Deputy White House Chief of Staff Michael K. Deaver used his diplomatic passport to purchase a luxury BMW automobile at a discount when doing advance work on President Reagan's trip to Germany recently, but he violated no government regulations in doing so, White House officials said Tuesday.
As many as eight others in the 35-member U.S. group, whose job was to plan Reagan's visit to Europe in May, made similar automobile purchases, officials said, describing such transactions by military officers and persons holding diplomatic passports as "traditional" and "a common practice."
Although government regulations prohibit U.S. officials from receiving gifts from a foreign government, there is no ban on their accepting discounts or sales promotion devices from a private company abroad if that firm has no business with the State Department, aides said.
Refuses to Comment
Presidential spokesman Larry Speakes, briefing reporters on the Deaver case, refused to comment on whether such a practice appeared to be proper.
"I would let you and the public make that judgment," Speakes said.
When asked if Reagan had anything to say about it, Speakes replied: "Not anything I want to convey."
An Administration official knowledgeable on ethics rules, who spoke on condition that he not be named, remarked: "It comes down to this: Was it a smart thing to do, or was it dumb?"
This official noted that Deaver, who plans to leave government service in May, already has been under scrutiny by the U.S. Office of Government Ethics for failing to report his status as a general partner in a California real-estate partnership on his annual government disclosure forms.
Urged Amended Forms
David H. Martin, the ethics office director, said recently that he had recommended that Deaver amend his disclosure forms from 1982 to 1984. But Martin said that he had found no intention on Deaver's part to evade the rules, because Deaver had listed his investment in the venture although not his status as partner. Martin was not available for comment Tuesday.
Speakes said that presidential counsel Fred F. Fielding was looking into the automobile purchases, which were disclosed Monday in Newsweek magazine.
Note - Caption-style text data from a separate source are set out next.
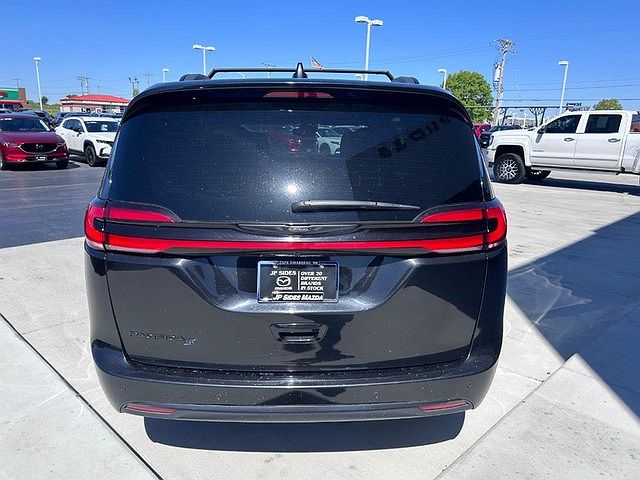 2021 Chrysler Pacifica Touring image 5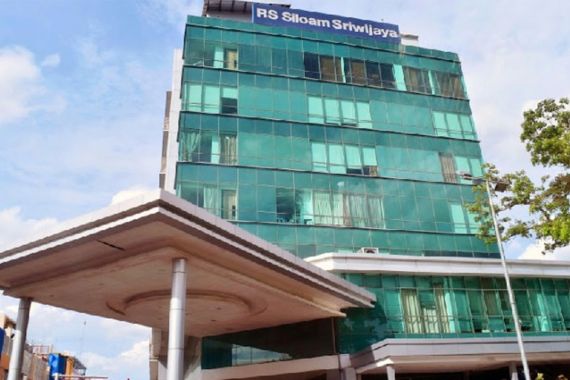 Perawat RS Siloam Sriwijaya Itu Dipukul, Ditendang, Disuruh Bersujud Minta Maaf - JPNN.COM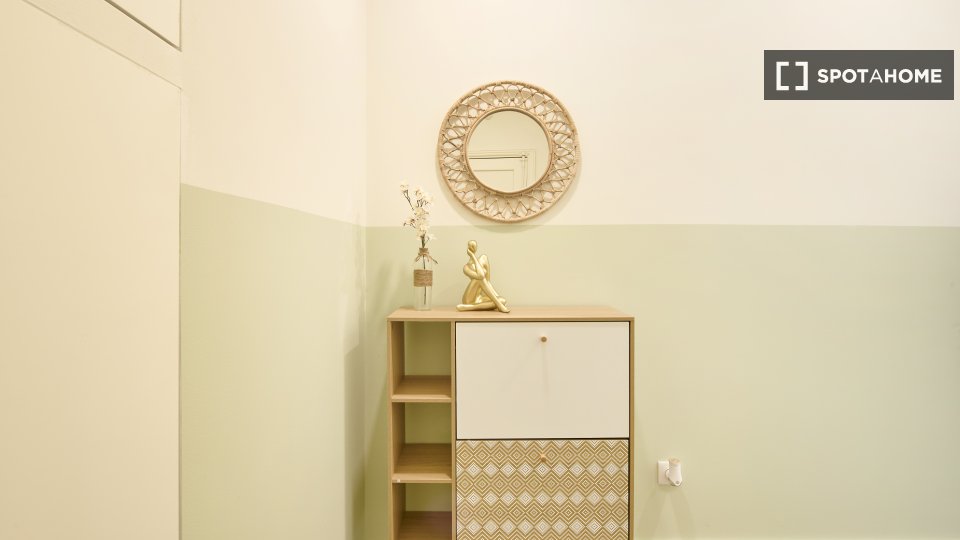 Double room Lisbon, 4 beds — photo 11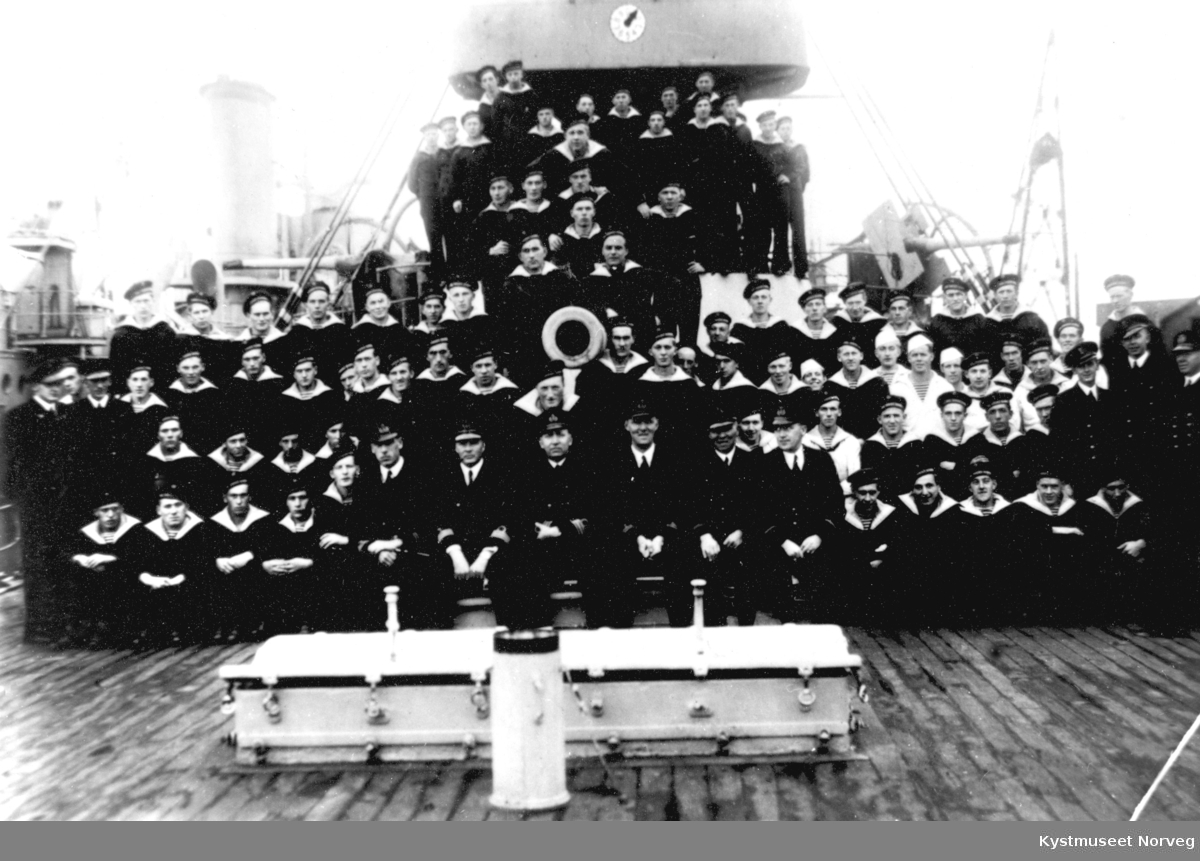 Tønsberg, ombord i panserskipet Tordenskjold under en øvelse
Newsweek said that the discounts amounted to about 25% on the luxury cars, which can cost an average buyer from $18,000 to $42,000, but Speakes said the discounts were closer to 15%.
He said he did not have the names of other officials who bought cars.
Firm Dropping Practice
One senior White House aide, who asked that his name not be used, said BMW corporate headquarters in Germany had announced earlier that it was discontinuing the practice of giving discounts to persons with diplomatic passports because U.S. dealers had complained that it was undercutting their business. But the firm apparently made one last exception for Deaver and his associates, the aide said.
However, Speakes said of the transaction: "I don't think it had to be solicited (from BMW)." He said diplomatic passports are held only by "ranking White House officials" and that lower and middle-level aides have regular passports.
Speakes said that "a number of companies" offer discounts "probably within the diplomatic community (and) not confined specifically to the United States."